What needs to be done:
Could you return the data that follows exactly, minus the images?

Data block:
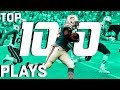 Top 100 Plays of the 2018 Season! | NFL Highlights Top 100 Plays of the 2018 Season! | NFL Highlights
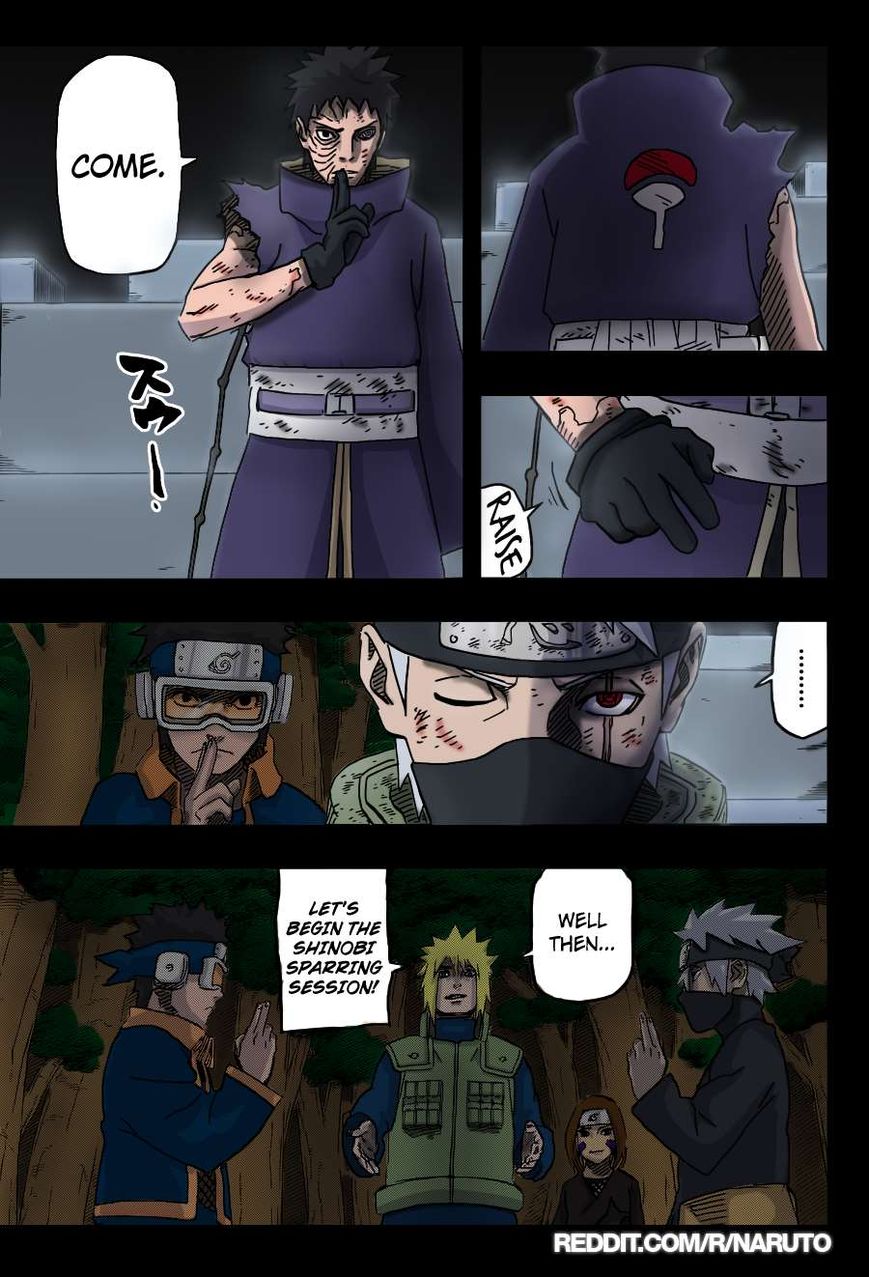 Read Naruto EN Manga Online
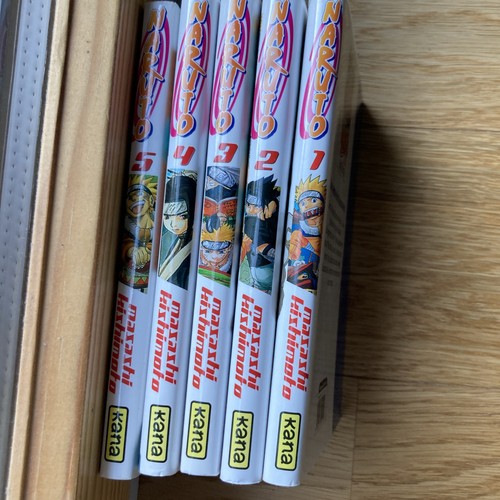 Lot manga naruto en - lot, 5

Written solution:
 Top 100 Plays of the 2018 Season! | NFL Highlights Top 100 Plays of the 2018 Season! | NFL Highlights
 Read Naruto EN Manga Online
 Lot manga naruto en - lot, 5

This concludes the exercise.